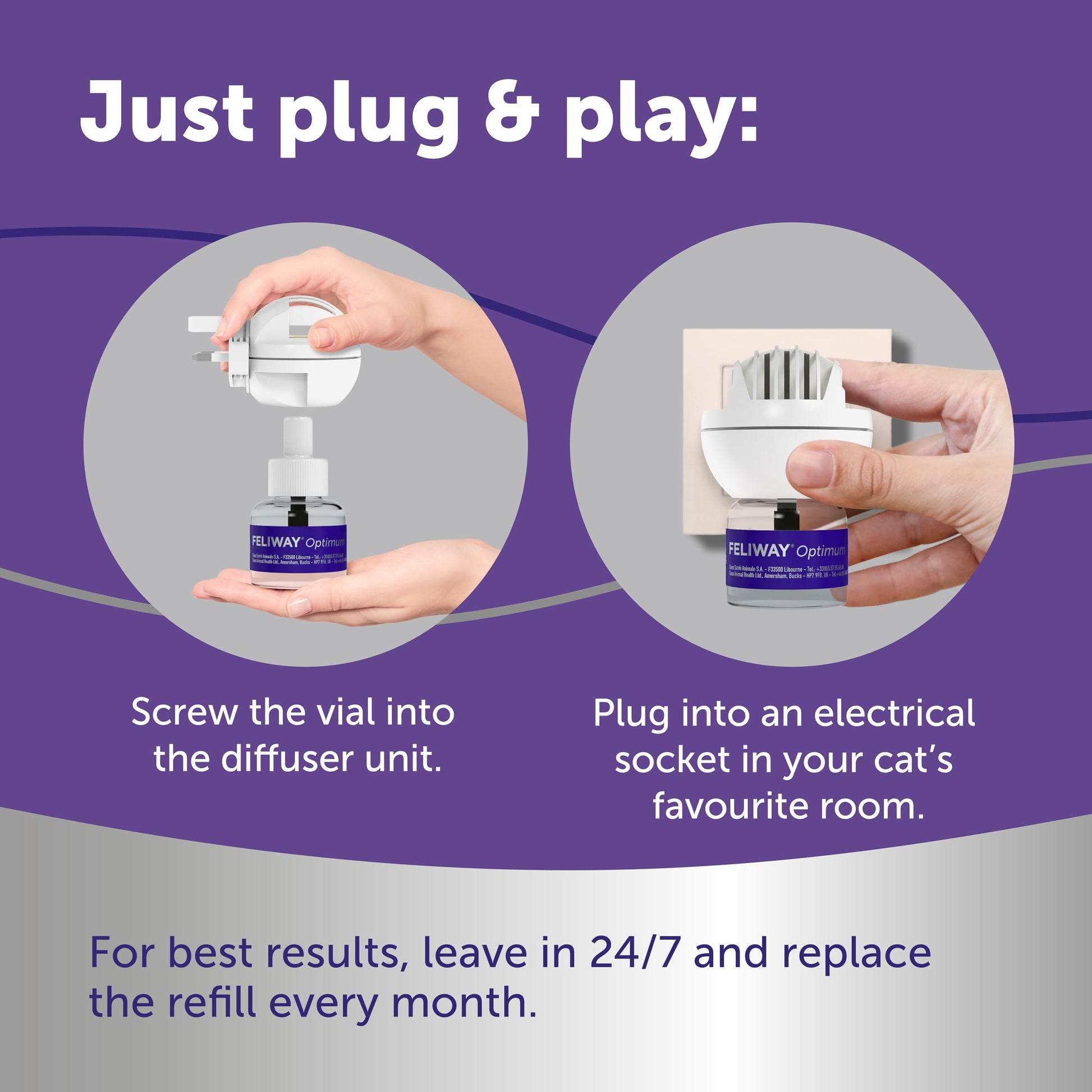 FELIWAY Optimum 30 Day Cat Calming Odourless Plug In Pheromone Diffuser Starter Kit, 48ml - Helps Solve Signs of Stress in Cats & Kittens, Veterinary Recommended, Drug-free, Clinically Proven - DeKove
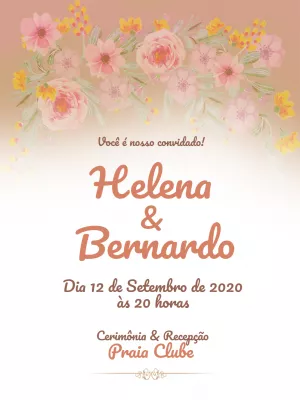 Convite de Casamento Floral Romântico para Editar Online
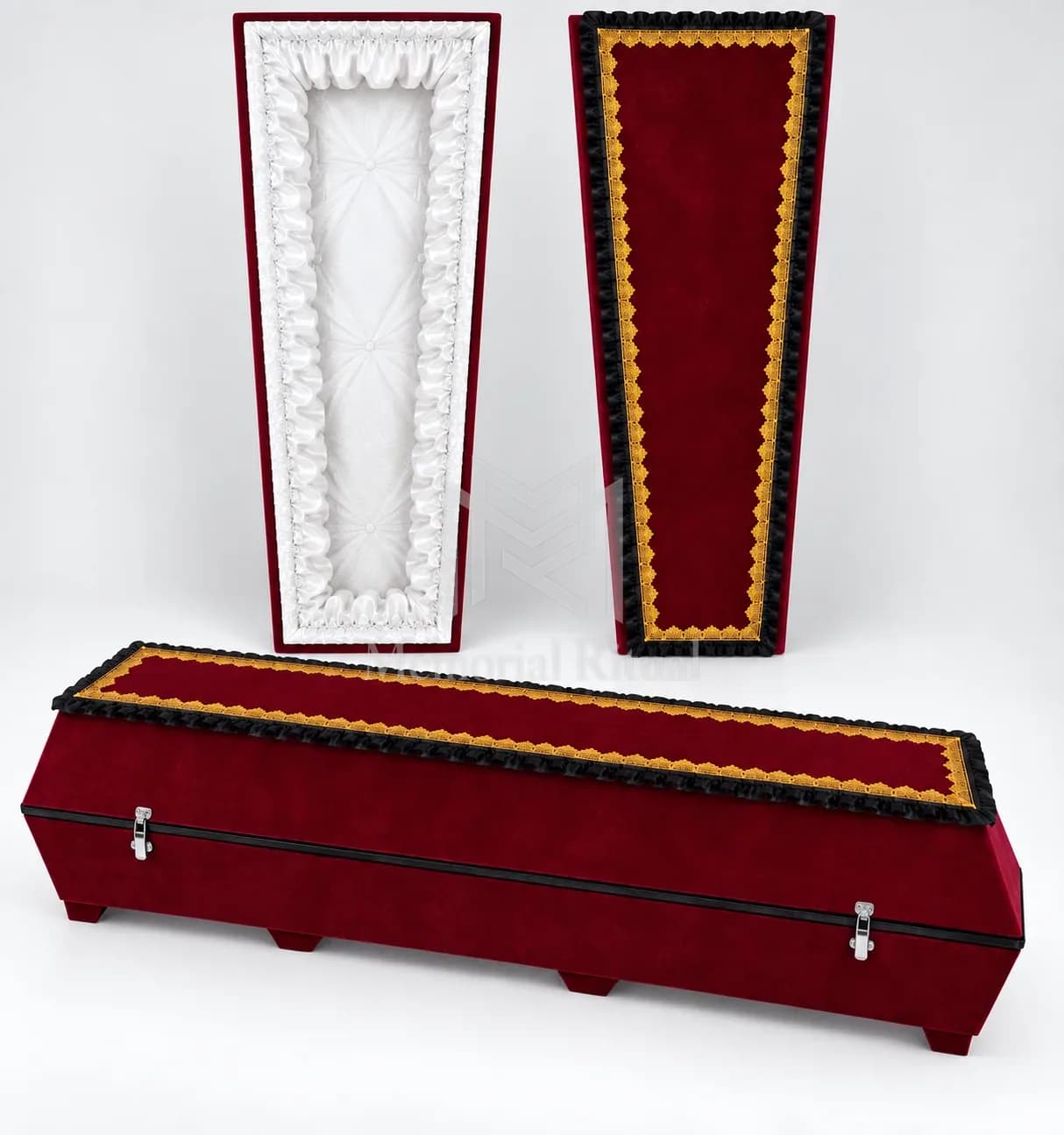 Гроб велюровый с ручками, бордовый, с белой обивкой — Memorial Ritual, Алматы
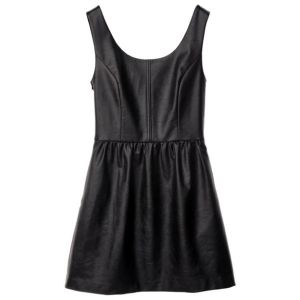 Quality Black Leather Sleeveless Short Flared Dresses Slim fit With Round-Nece for sale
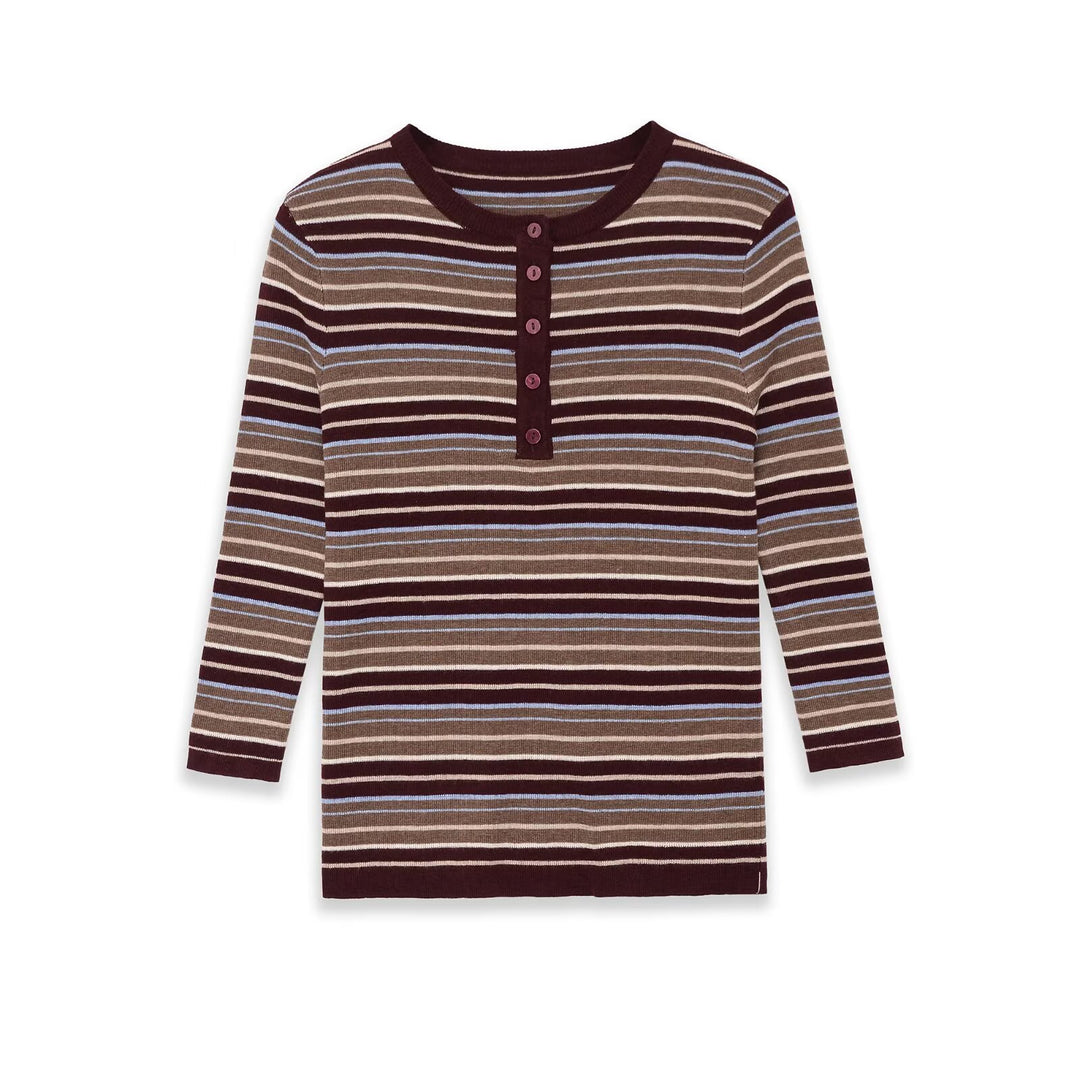 Women's fine knit Henley shirt with fine stripe structure and button placket Amarae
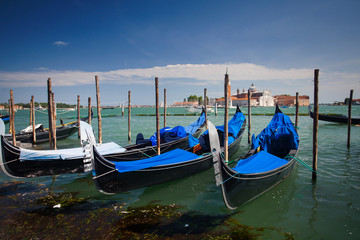 Naklejka premium Gondolas on Grand Canal of Venice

§ **WHAT IS NEEDED**:
Find the line containing "Гроб велюровый с" in the listing above. Restate it and every line after it, word for word, through the final line, leaving out the pictures.

§ **RESPONSE BELOW**:
 Гроб велюровый с ручками, бордовый, с белой обивкой — Memorial Ritual, Алматы
 Quality Black Leather Sleeveless Short Flared Dresses Slim fit With Round-Nece for sale
 Women's fine knit Henley shirt with fine stripe structure and button placket Amarae
 Naklejka premium Gondolas on Grand Canal of Venice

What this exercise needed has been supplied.